◆ **Exercise**: In the records below, find the line with "Aplique termo 495", then copy each line exactly until you have copied the line with "Discover Rainbow Shrimp". Leave any picture out.

◆ **Records provided**:
_ _ _ _ _ _ _
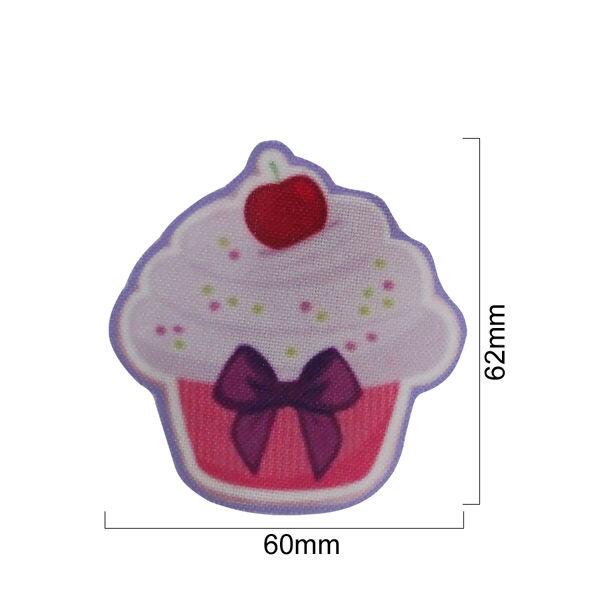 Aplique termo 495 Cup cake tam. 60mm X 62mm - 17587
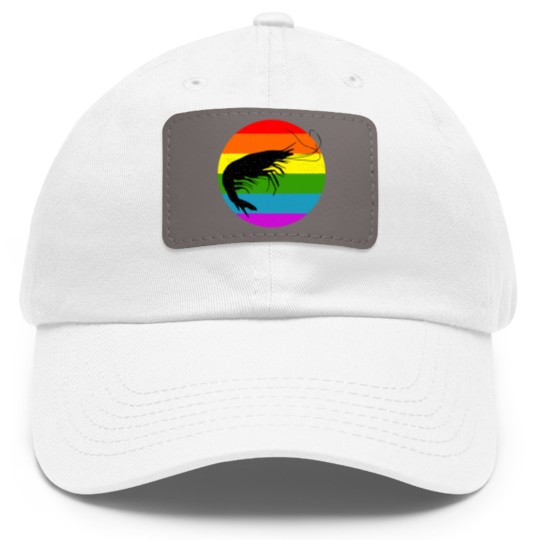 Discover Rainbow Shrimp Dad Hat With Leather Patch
_ _ _ _ _ _ _
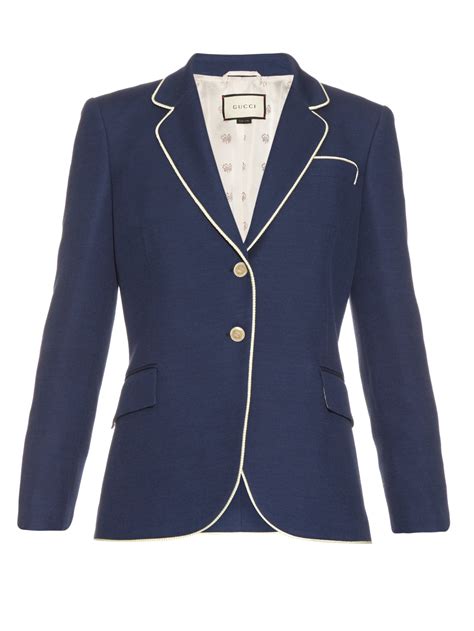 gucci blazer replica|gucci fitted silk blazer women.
_ _ _ _ _ _ _
◆ **Expected output**:
 Aplique termo 495 Cup cake tam. 60mm X 62mm - 17587
 Discover Rainbow Shrimp Dad Hat With Leather Patch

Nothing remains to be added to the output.